Store owners at odds over wine question

For front row seats to the battle over Ballot Question One, an initiative that would create a new category of liquor licenses allowing grocery stores to sell wine, look no farther than Morrissey Boulevard.

On Columbia Point, Harbor Point Liquors leases space from and shares a building with the Shaw's Market. The liquor store has contributed $1,500 to Vote No on One, a lobby group working against the ballot initiative. Shaw's and another chain grocery store chain, Stop & Shop, are working closely with lobby groups like Yes on 1: Grocery Stores and Consumers for Fair Competition. Stop & Shop, with a store in the nearby South Bay Shopping Center, donated $1 million to the Massachusetts Food Association for Consumer Convenience in Wine Sales.

While picking up a bottle of Chardonnay or a box of Franzia at Harbor Point, one can grab a flyer urging you to do your part to keep wine in liquor stores; stepping through the open-air divider between the liquor and grocery store on your way to the Tostitos shelf, one has the opportunity to peruse complementary reading material championing the opposing position.

Harbor Point Liquor's owner Paul Barry, who has leased space from the Shaw's since both stores opened at the Morrisey Boulevard site ten years ago, says his relationship with Shaw's management has been nothing but amicable - but that hasn't impacted his strident opposition to Question One.

"I'm not in favor of them creating a new license, because there are plenty of liquor sellers as it is and the big grocery stores already control the maximum number of licenses available to them," said Barry. "And it's all very unclear. If there's a new ballgame, what are the new rules?"

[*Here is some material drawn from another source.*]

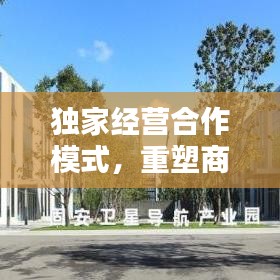 独家经营合作模式,重塑商业格局之秘诀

The full text of Ballot Question One explains that the proposed law would allow for the sale of wine at food stores. A food store is defined as an establishment that sells food for off-site consumption; stock must include items like meat, dairy, and produce. Passage of the law would create a new category of liquor licenses available to qualifying establishments. Licensing boards within a city or town would be authorized to issue up five new wine licenses for their first five thousand residents, and one per every five thousands residents after that.

"The opposition is trying to push the idea that all of a sudden things are going to run amok and there's going to be thousands and thousands of new licenses out there," said Judy Chong, a spokesperson for Shaw's. "There's a formula in place, and we don't believe it will result in more than 1,000 new licenses."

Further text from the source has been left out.